Work to complete> Go to the line below containing "a pair of black" and print exactly from there through the line containing "a bedroom with", both included. Print nothing else.

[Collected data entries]
== Segment start ==
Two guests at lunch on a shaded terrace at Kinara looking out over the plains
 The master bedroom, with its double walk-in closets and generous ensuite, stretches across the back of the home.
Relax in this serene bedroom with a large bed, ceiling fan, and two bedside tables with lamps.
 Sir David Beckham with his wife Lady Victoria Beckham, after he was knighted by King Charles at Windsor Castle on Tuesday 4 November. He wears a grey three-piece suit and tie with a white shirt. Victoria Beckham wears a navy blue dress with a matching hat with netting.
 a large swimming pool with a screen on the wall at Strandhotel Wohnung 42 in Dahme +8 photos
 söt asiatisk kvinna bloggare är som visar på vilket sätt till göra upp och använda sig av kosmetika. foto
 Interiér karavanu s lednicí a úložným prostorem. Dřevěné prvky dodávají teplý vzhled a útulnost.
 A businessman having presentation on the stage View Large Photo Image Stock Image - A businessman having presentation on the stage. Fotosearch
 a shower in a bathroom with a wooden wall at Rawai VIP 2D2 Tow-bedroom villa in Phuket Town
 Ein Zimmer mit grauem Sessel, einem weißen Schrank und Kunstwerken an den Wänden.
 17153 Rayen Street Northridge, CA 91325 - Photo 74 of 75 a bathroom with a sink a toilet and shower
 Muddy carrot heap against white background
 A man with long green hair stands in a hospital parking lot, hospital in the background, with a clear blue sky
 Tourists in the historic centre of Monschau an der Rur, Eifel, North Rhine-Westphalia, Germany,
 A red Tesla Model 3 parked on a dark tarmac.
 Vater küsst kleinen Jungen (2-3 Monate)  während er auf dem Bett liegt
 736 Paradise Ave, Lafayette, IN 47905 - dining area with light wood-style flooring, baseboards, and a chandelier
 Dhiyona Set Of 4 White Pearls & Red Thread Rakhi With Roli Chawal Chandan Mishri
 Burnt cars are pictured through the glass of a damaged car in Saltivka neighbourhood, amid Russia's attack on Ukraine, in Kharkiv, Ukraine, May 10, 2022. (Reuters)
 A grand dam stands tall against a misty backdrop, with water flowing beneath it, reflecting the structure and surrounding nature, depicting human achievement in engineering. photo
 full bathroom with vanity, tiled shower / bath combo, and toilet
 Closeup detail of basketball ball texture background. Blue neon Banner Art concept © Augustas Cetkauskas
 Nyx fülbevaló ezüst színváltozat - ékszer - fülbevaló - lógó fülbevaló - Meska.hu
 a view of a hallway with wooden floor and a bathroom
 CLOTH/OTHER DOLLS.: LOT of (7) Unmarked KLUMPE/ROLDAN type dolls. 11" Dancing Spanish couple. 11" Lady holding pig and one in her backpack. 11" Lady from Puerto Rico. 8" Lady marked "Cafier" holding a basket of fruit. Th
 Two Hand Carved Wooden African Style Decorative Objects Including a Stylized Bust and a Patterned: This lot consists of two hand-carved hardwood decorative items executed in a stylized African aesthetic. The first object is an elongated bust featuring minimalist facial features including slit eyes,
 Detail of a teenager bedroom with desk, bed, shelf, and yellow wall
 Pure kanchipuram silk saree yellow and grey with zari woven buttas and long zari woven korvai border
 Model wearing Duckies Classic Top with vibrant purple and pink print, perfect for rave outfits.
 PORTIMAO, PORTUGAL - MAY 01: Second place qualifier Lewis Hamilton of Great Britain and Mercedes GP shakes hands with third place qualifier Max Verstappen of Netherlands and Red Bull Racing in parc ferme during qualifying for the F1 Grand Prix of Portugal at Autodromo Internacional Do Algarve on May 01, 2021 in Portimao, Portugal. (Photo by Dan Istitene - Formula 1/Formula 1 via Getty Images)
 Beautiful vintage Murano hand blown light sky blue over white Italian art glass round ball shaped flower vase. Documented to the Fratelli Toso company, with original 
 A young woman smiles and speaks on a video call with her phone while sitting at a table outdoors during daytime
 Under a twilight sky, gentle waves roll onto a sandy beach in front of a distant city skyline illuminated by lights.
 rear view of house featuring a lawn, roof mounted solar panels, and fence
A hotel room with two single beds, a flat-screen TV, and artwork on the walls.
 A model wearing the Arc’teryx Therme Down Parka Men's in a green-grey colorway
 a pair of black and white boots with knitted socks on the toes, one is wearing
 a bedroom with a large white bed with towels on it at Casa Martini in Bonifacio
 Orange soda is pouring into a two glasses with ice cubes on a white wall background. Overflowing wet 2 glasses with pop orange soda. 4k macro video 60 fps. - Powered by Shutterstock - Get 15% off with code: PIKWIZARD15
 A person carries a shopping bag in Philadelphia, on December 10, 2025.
== Segment end ==
Solution to the exercise>
 a pair of black and white boots with knitted socks on the toes, one is wearing
 a bedroom with a large white bed with towels on it at Casa Martini in Bonifacio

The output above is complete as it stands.